▸ **Task to carry out**: Set down the data again word for word. Skip any pictures.

▸ **Recorded data**:
::::::
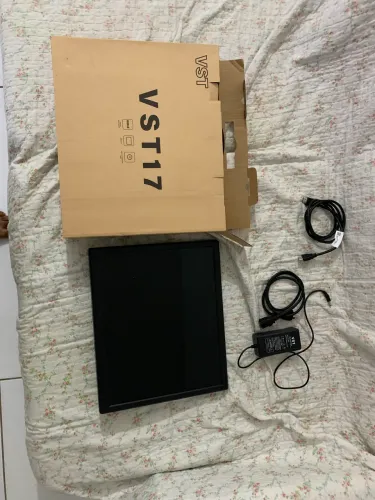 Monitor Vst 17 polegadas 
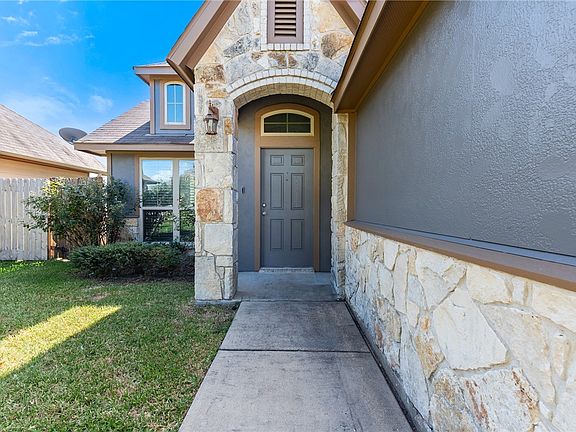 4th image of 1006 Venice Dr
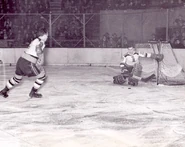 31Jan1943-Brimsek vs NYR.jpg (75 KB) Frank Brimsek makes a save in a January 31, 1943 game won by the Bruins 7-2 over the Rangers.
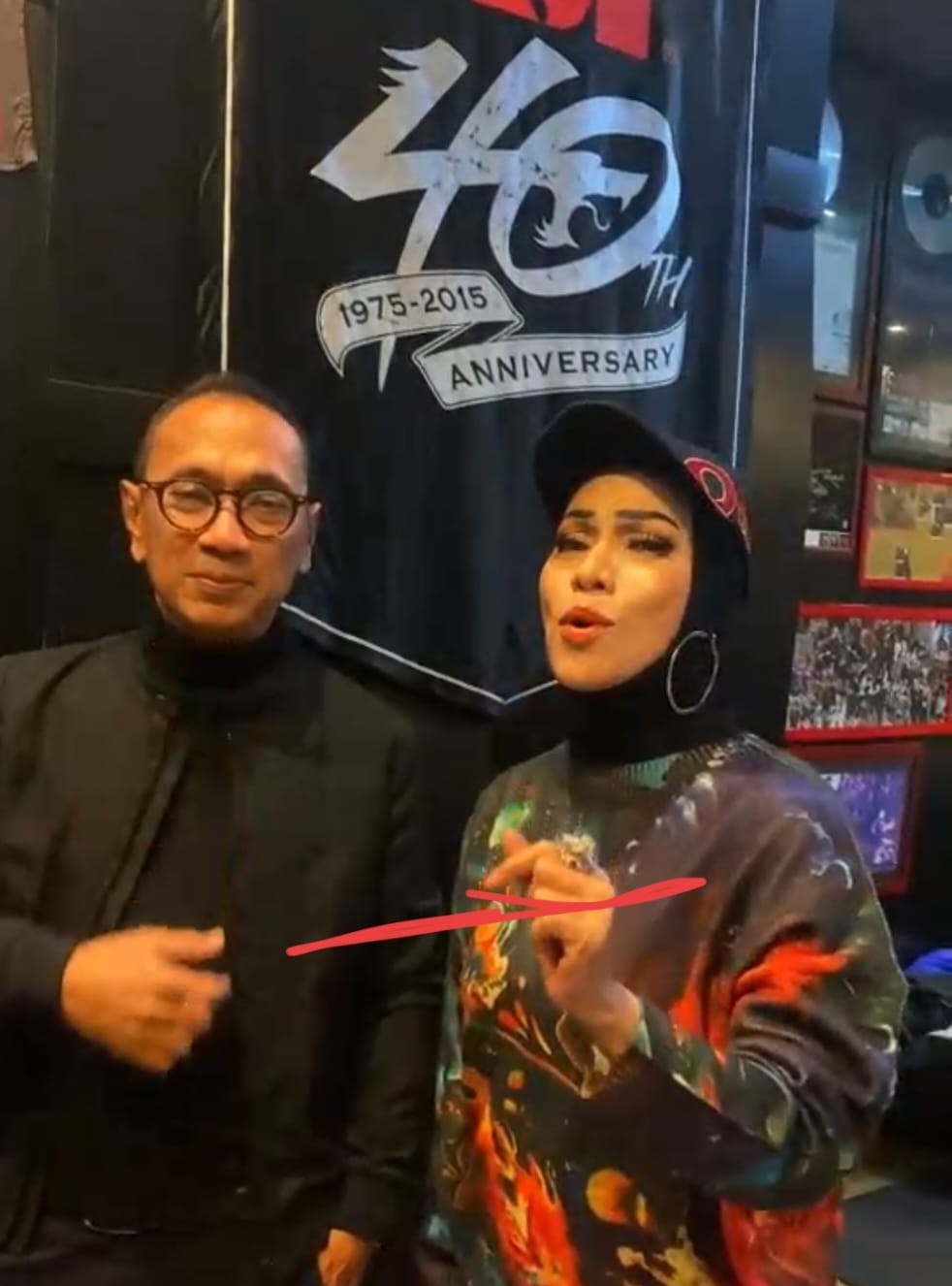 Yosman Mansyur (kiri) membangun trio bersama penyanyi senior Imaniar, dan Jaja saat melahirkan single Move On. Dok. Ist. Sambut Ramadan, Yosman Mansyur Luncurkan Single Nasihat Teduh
::::::
▸ **Response to the exercise**:
 Monitor Vst 17 polegadas 
 4th image of 1006 Venice Dr
 31Jan1943-Brimsek vs NYR.jpg (75 KB) Frank Brimsek makes a save in a January 31, 1943 game won by the Bruins 7-2 over the Rangers.
 Yosman Mansyur (kiri) membangun trio bersama penyanyi senior Imaniar, dan Jaja saat melahirkan single Move On. Dok. Ist. Sambut Ramadan, Yosman Mansyur Luncurkan Single Nasihat Teduh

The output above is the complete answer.